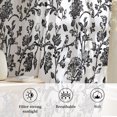 thumbnail image 6 of Black Flower Sheer Curtains 63 Inch Length, Light Filtering Voile Curtain Panel, Vintage Farmhouse Boho Leaf Spring Plant Rod Pocket Drapes Window Treatments for Living Room Bedroom 52"x63", 6 of 9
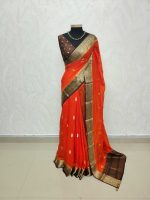 Georgette Banarasi with a plain body, scattered zari-woven buttas,and a contrast floral zari-woven border - Image 39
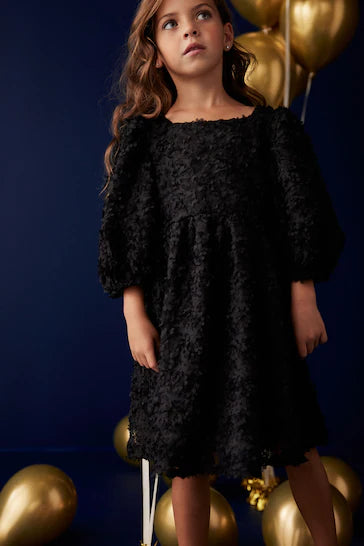 |Girl| Vestido De Festa Preto Texturizado - Black (3 a 16 anos)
::::
_Task item_.
No pictures, please. Output the listing above exactly as it stands.

_Exercise result_.
 thumbnail image 6 of Black Flower Sheer Curtains 63 Inch Length, Light Filtering Voile Curtain Panel, Vintage Farmhouse Boho Leaf Spring Plant Rod Pocket Drapes Window Treatments for Living Room Bedroom 52"x63", 6 of 9
 Georgette Banarasi with a plain body, scattered zari-woven buttas,and a contrast floral zari-woven border - Image 39
 |Girl| Vestido De Festa Preto Texturizado - Black (3 a 16 anos)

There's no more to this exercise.